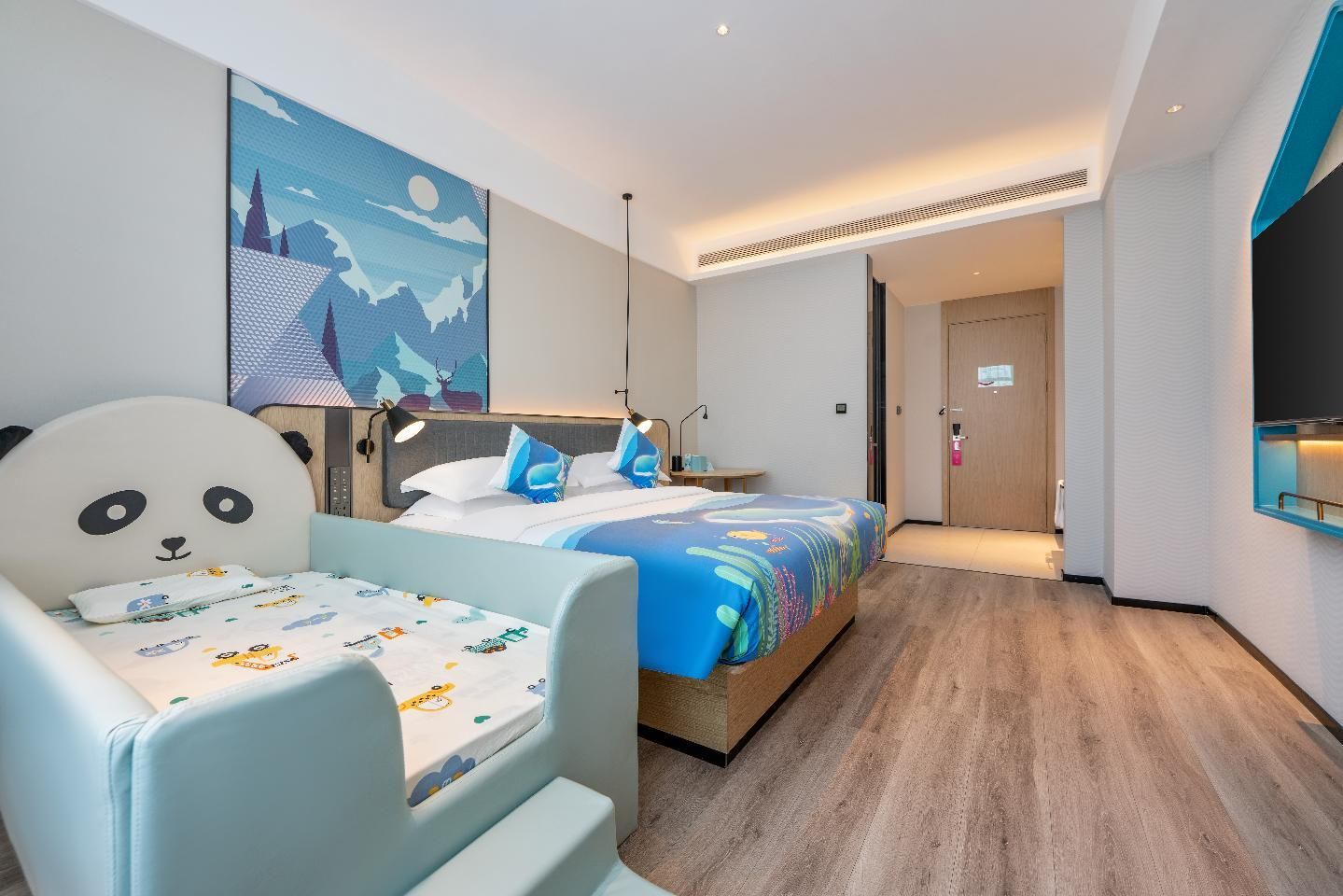 Dossen - Family Room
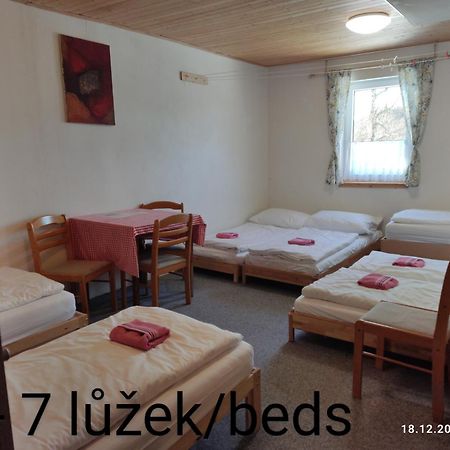 Ferienwohnung Penzion Na Slunicku Mariánská Exterior foto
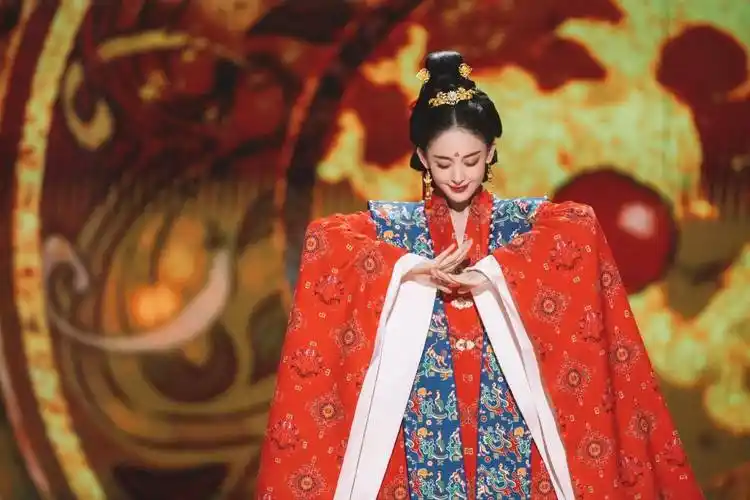 原创宅男女神古力娜扎古装造型宛若画中仙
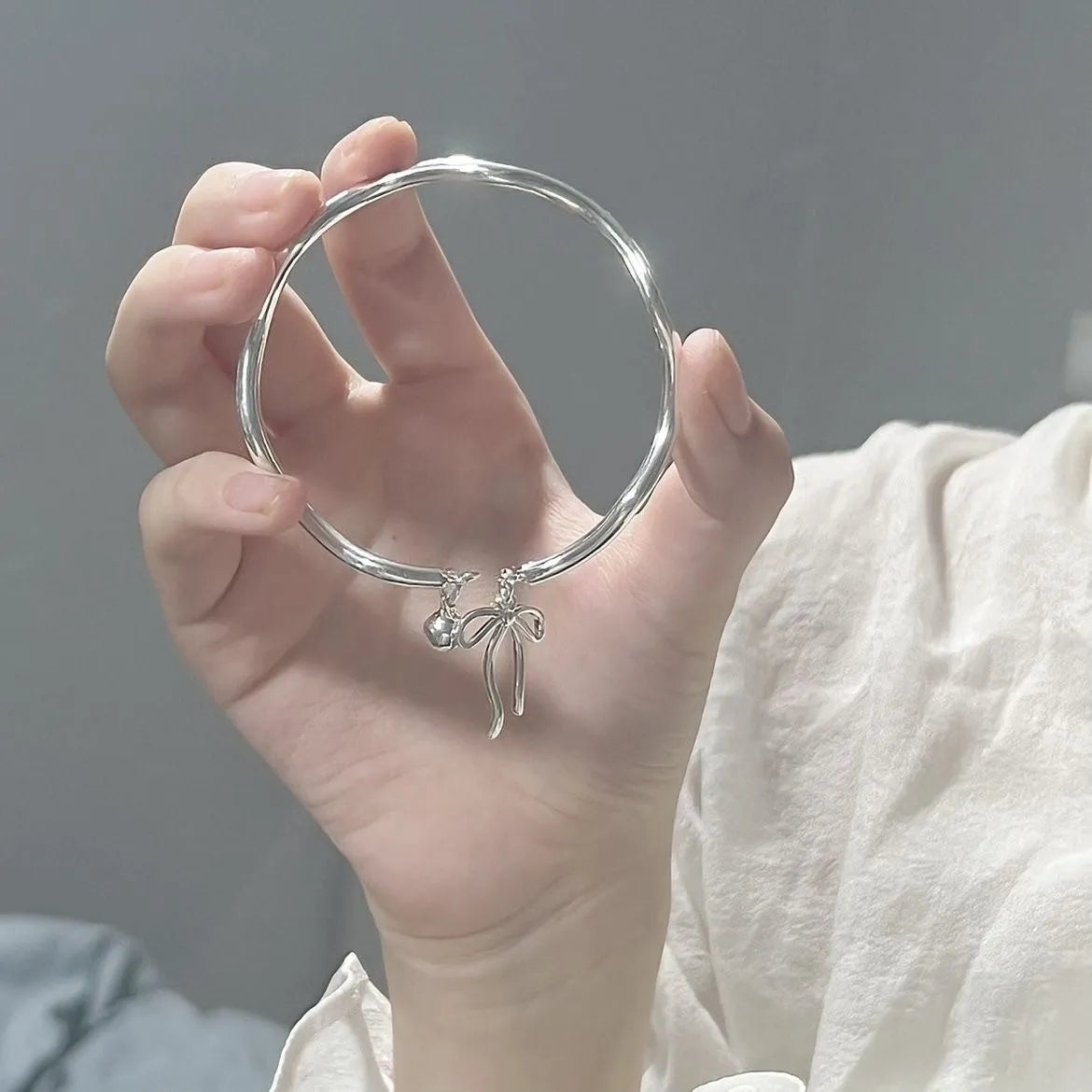 Silver adjustable girlfriends bracelet with bow-shaped bell opening clasp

- - -

◆ What needs to be done: Word for word, retype the lines from the one with "Ferienwohnung Penzion Na" through the final line of the data, both included. No pictures belong in the copy.

◆ Written reply:
 Ferienwohnung Penzion Na Slunicku Mariánská Exterior foto
 原创宅男女神古力娜扎古装造型宛若画中仙
 Silver adjustable girlfriends bracelet with bow-shaped bell opening clasp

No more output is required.